**Assigned task:**
From the listing below, copy every line with the word "Package".
────
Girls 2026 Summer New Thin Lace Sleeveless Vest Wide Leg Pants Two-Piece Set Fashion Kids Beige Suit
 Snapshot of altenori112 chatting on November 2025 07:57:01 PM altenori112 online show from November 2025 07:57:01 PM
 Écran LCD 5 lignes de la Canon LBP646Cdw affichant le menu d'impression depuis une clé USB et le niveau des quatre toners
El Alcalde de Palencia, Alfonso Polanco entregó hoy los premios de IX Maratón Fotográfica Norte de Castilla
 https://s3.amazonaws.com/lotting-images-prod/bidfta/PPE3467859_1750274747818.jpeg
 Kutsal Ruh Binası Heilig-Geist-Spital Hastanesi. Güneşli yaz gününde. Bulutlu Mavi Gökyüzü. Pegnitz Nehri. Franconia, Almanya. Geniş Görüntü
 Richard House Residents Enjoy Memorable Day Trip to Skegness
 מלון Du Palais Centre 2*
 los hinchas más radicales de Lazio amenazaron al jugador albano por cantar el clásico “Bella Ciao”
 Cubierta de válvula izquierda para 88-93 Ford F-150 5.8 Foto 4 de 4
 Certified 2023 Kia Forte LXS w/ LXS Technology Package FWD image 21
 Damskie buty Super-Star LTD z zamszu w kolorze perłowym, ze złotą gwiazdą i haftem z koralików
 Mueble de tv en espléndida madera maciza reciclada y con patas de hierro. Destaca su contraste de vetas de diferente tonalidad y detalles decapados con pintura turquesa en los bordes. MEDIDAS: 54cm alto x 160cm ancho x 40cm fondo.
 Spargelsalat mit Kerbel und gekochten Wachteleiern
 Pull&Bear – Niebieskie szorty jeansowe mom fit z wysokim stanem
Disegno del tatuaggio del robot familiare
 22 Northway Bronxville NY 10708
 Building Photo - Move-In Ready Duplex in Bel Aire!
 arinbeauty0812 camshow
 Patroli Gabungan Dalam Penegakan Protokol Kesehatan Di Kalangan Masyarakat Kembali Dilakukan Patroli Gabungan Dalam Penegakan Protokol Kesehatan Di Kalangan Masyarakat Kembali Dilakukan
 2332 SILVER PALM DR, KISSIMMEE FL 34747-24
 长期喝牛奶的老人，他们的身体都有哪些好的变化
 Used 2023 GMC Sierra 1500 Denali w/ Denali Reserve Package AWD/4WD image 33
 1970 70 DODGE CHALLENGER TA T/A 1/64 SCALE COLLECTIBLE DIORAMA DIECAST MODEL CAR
────
**Solution:**
 Certified 2023 Kia Forte LXS w/ LXS Technology Package FWD image 21
 Used 2023 GMC Sierra 1500 Denali w/ Denali Reserve Package AWD/4WD image 33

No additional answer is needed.